* _EXERCISE REQUIREMENTS_
The entries below should be quoted exactly, with no pictures carried over.

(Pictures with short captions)
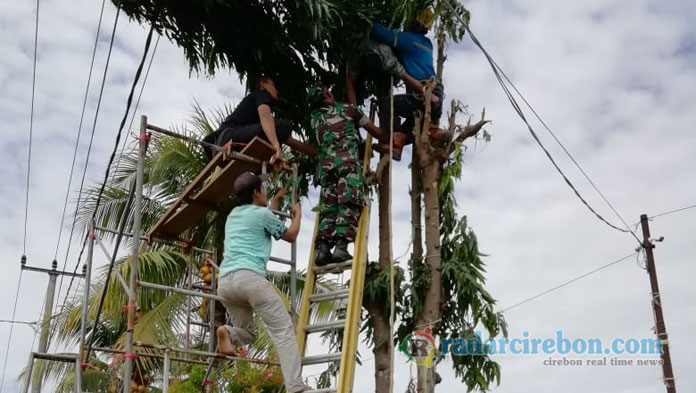 Tebang Ranting, Kemit Balai Desa Anjatan Utara Kelojotan Kesetrum Listrik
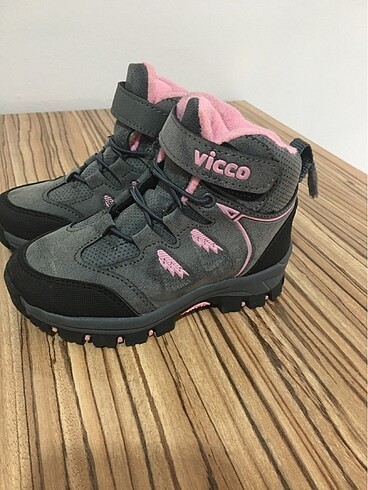 27 Beden Vicco çocuk bot 27 numara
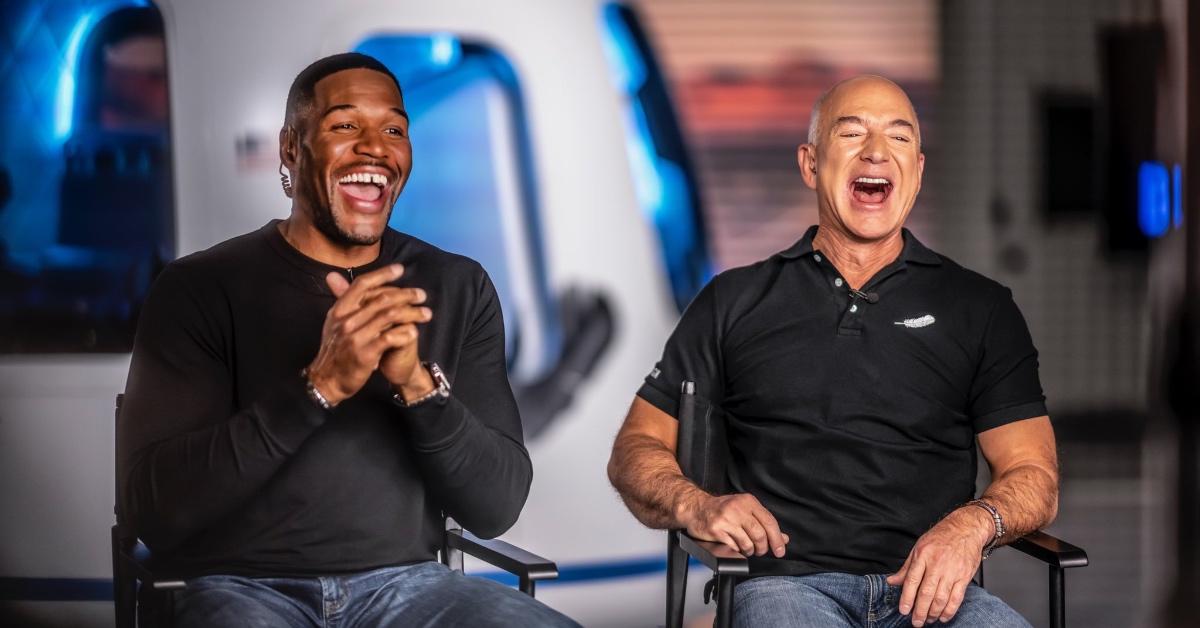 Michael Strahan gets hooked up to a machine that simulates labor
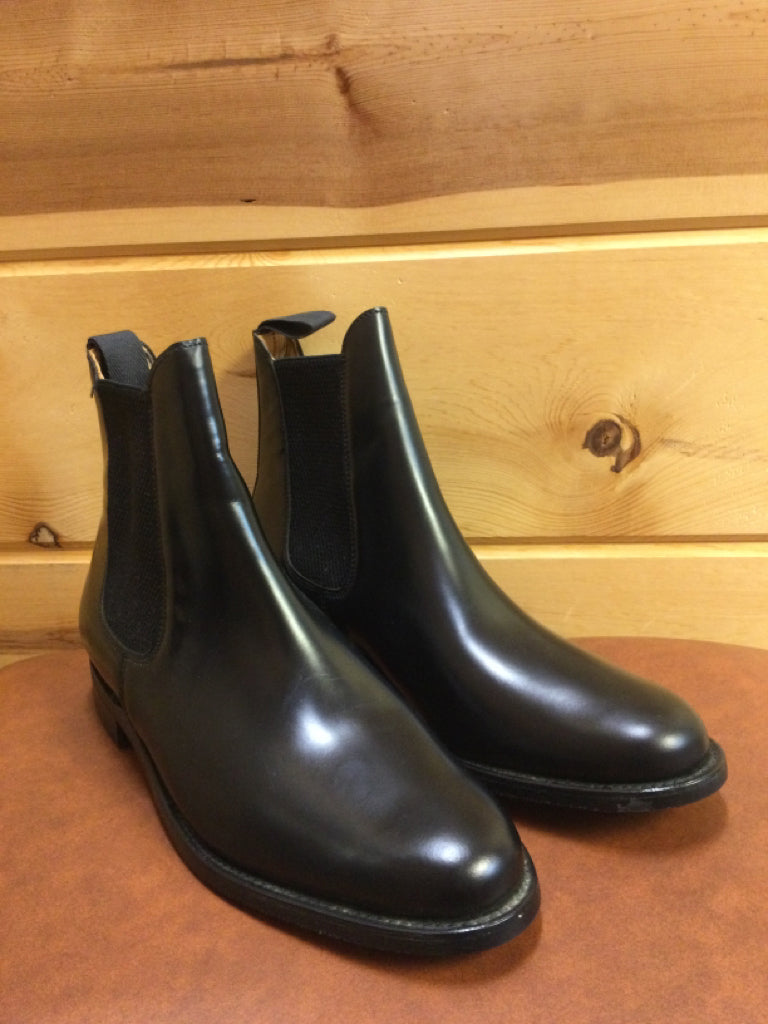 Size 8 1/2 Boots - Matte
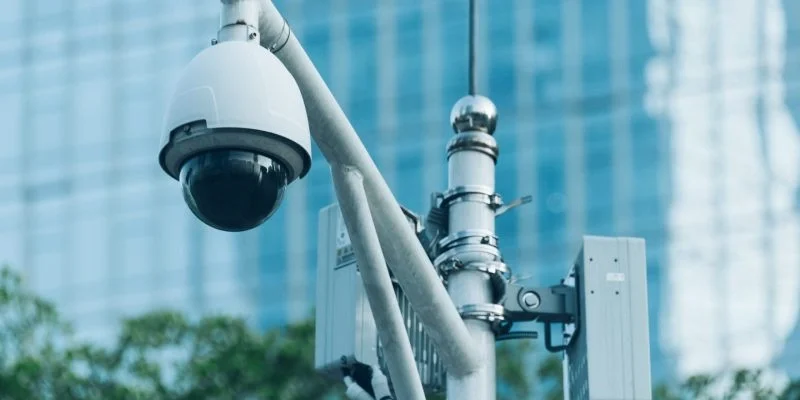 cctv-security-camera-scaled-rj39325jj453awog1fnzn6i0x852hisq2ncdenkuqo-1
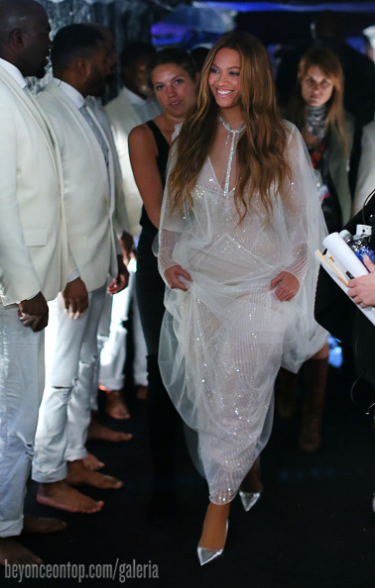 Beyonc&eacute; sobe ao palco para se apresentar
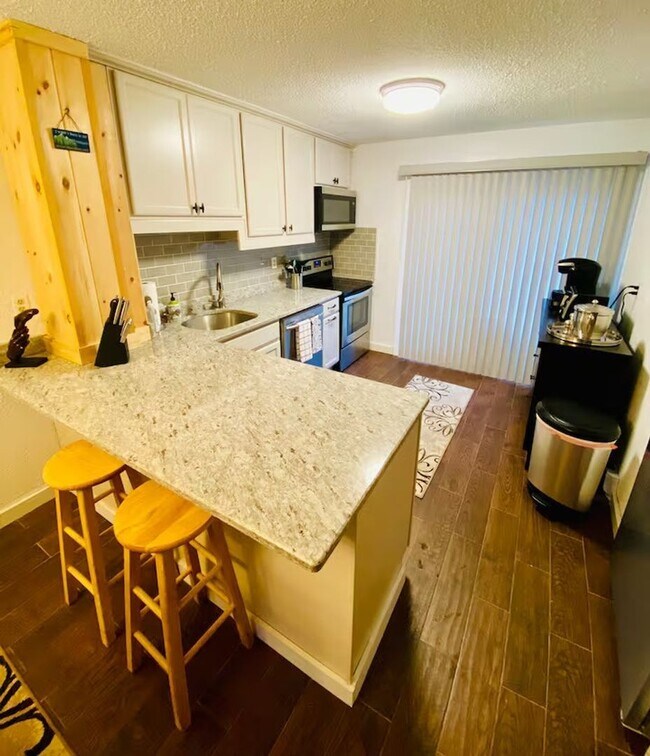 Foto del edificio - Charming 3BR Townhome in Hunter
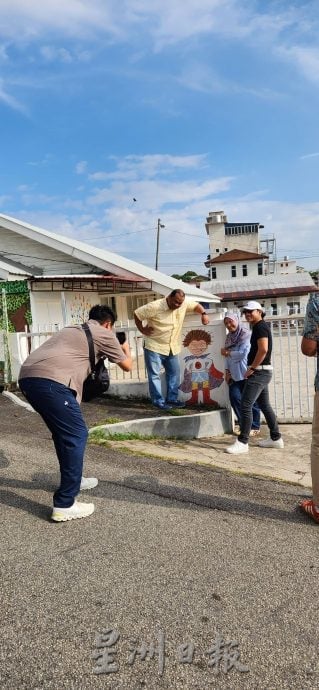 友族首次走进万茂新村 惊叹“新村原来这么可爱有活力”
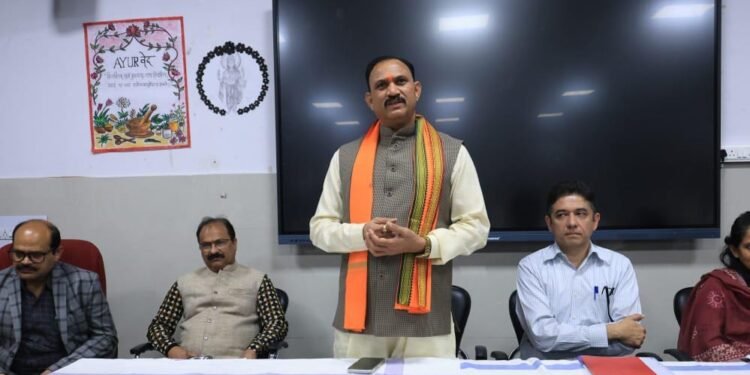 रायपुर : स्वास्थ्य मंत्री  श्याम बिहारी जायसवाल की अध्यक्षता में शासकीय आयुर्वेद महाविद्यालय रायपुर के स्वशासी कार्यकारिणी समिति की 24 वीं बैठक संपन्न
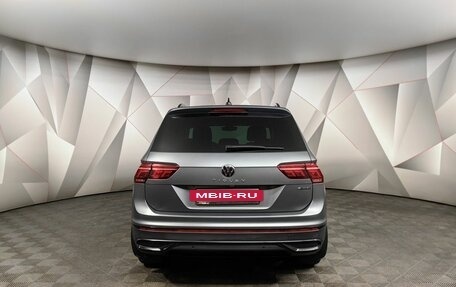 Volkswagen Tiguan II, 2021 год, 3 987 700 рублей, 8 фотография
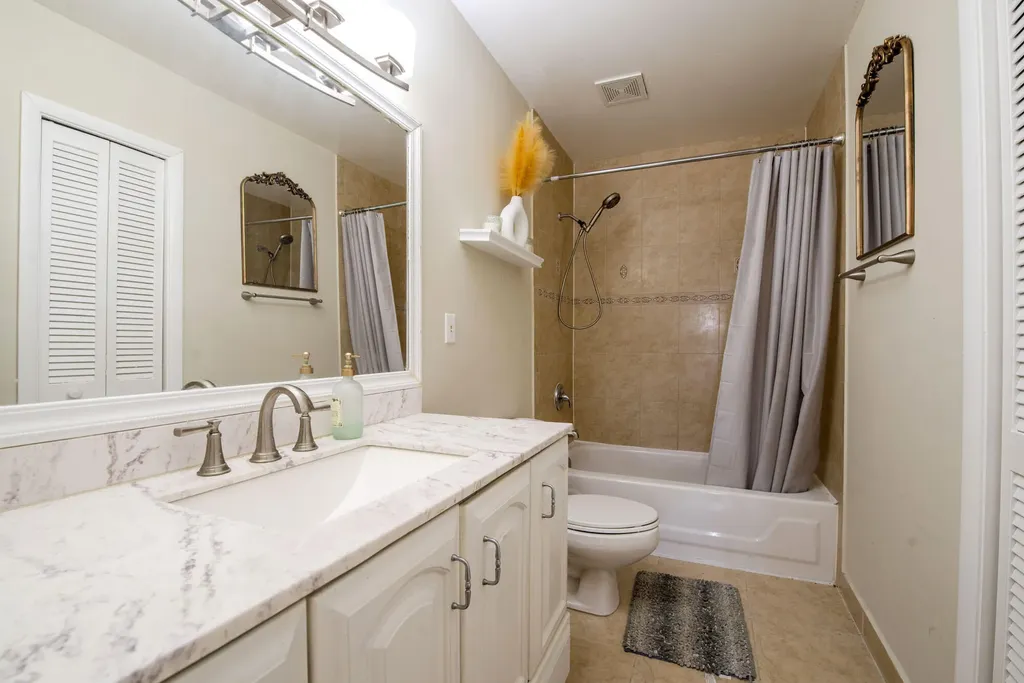 4125 NW 88th Avenue Coral Springs FL 33065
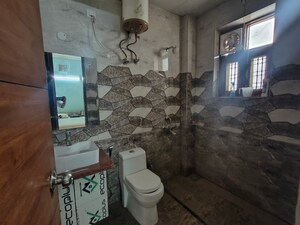 Living Room in 3 BHK Builder Floor at Ardee City, Sector 52 – for Rent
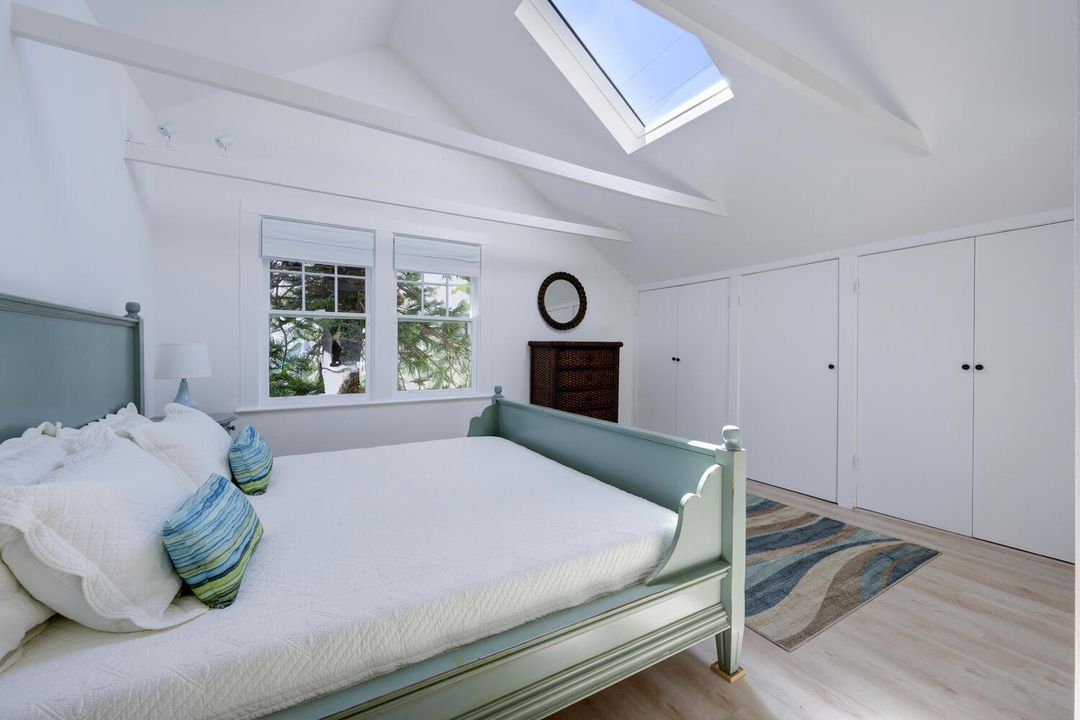 For Sale: $4,150,000 (3 beds, 2 baths, 1728 Square Feet)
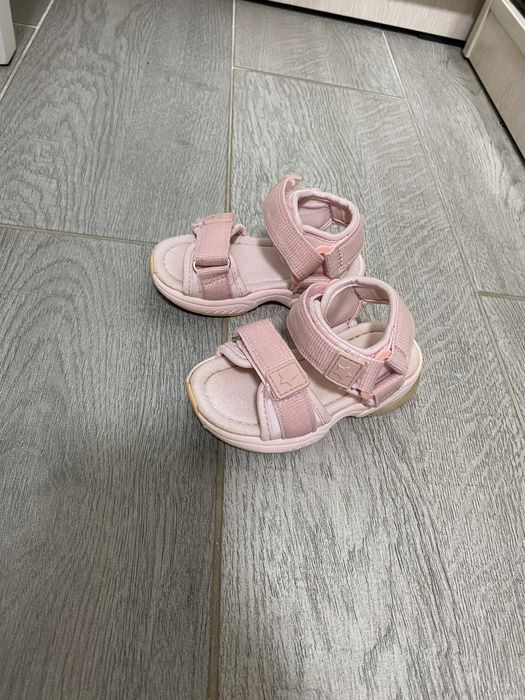 Продам дитячі босоніжки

* _SOLUTION TO THE PROBLEM_
 Tebang Ranting, Kemit Balai Desa Anjatan Utara Kelojotan Kesetrum Listrik
 27 Beden Vicco çocuk bot 27 numara
 Michael Strahan gets hooked up to a machine that simulates labor
 Size 8 1/2 Boots - Matte
 cctv-security-camera-scaled-rj39325jj453awog1fnzn6i0x852hisq2ncdenkuqo-1
 Beyonc&eacute; sobe ao palco para se apresentar
 Foto del edificio - Charming 3BR Townhome in Hunter
 友族首次走进万茂新村 惊叹“新村原来这么可爱有活力”
 रायपुर : स्वास्थ्य मंत्री  श्याम बिहारी जायसवाल की अध्यक्षता में शासकीय आयुर्वेद महाविद्यालय रायपुर के स्वशासी कार्यकारिणी समिति की 24 वीं बैठक संपन्न
 Volkswagen Tiguan II, 2021 год, 3 987 700 рублей, 8 фотография
 4125 NW 88th Avenue Coral Springs FL 33065
 Living Room in 3 BHK Builder Floor at Ardee City, Sector 52 – for Rent
 For Sale: $4,150,000 (3 beds, 2 baths, 1728 Square Feet)
 Продам дитячі босоніжки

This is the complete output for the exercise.